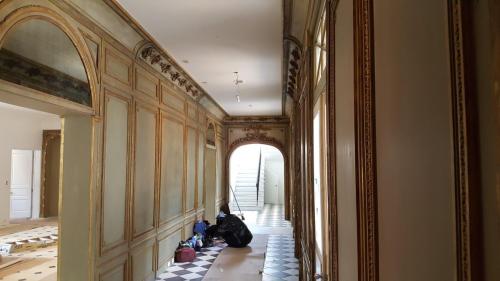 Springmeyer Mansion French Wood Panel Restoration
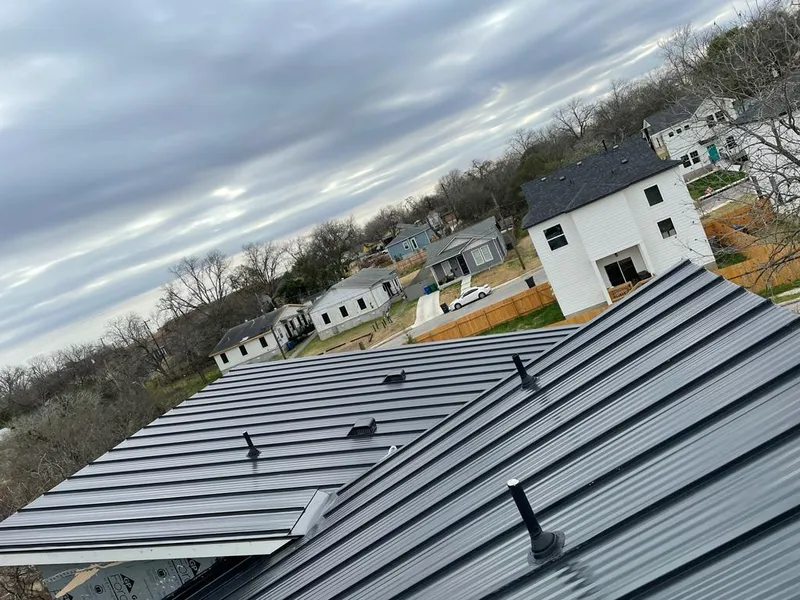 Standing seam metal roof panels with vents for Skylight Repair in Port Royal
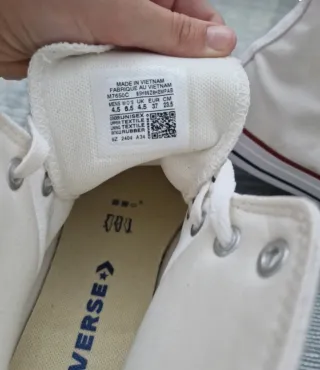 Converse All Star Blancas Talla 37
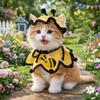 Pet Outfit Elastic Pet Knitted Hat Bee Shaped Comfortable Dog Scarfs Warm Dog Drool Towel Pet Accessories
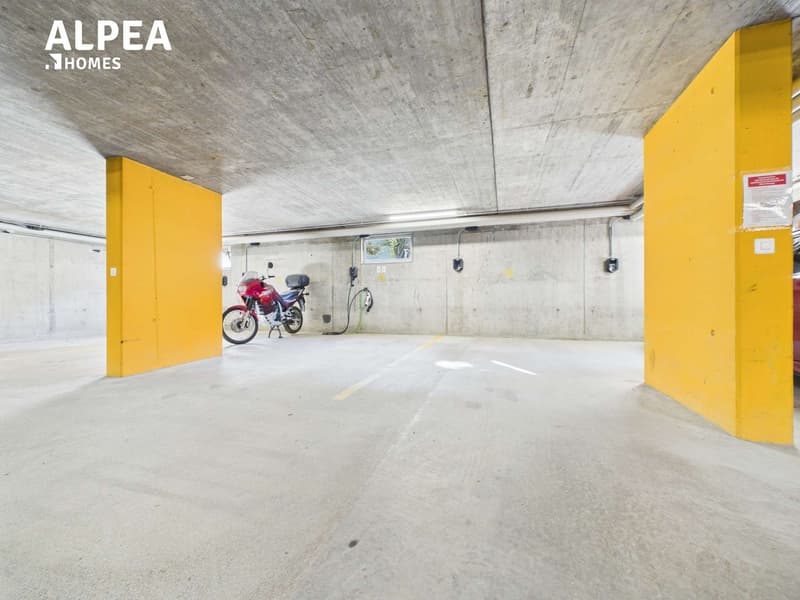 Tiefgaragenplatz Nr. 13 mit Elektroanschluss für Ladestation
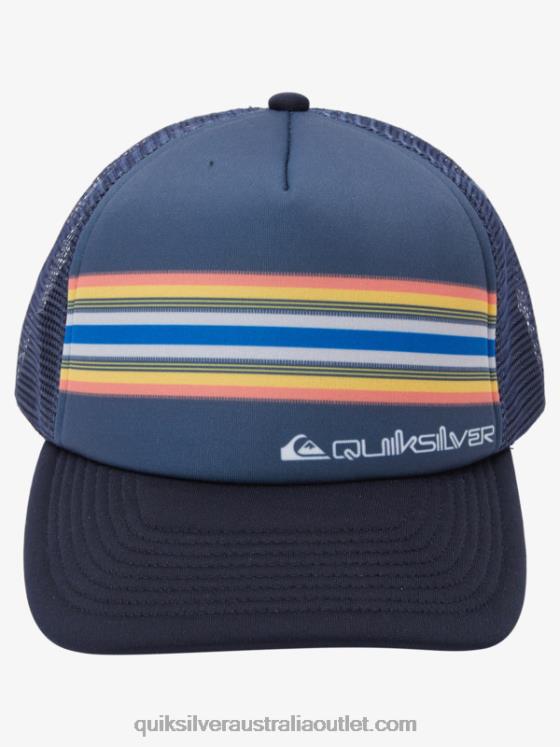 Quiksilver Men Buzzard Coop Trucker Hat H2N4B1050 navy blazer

_ _ _

- **Task item**: Excluding images, output exactly the lines from the one that holds "Converse All Star Blancas Talla 37" through the final line of the material, both ends included.

- **Task output**:
 Converse All Star Blancas Talla 37
 Pet Outfit Elastic Pet Knitted Hat Bee Shaped Comfortable Dog Scarfs Warm Dog Drool Towel Pet Accessories
 Tiefgaragenplatz Nr. 13 mit Elektroanschluss für Ladestation
 Quiksilver Men Buzzard Coop Trucker Hat H2N4B1050 navy blazer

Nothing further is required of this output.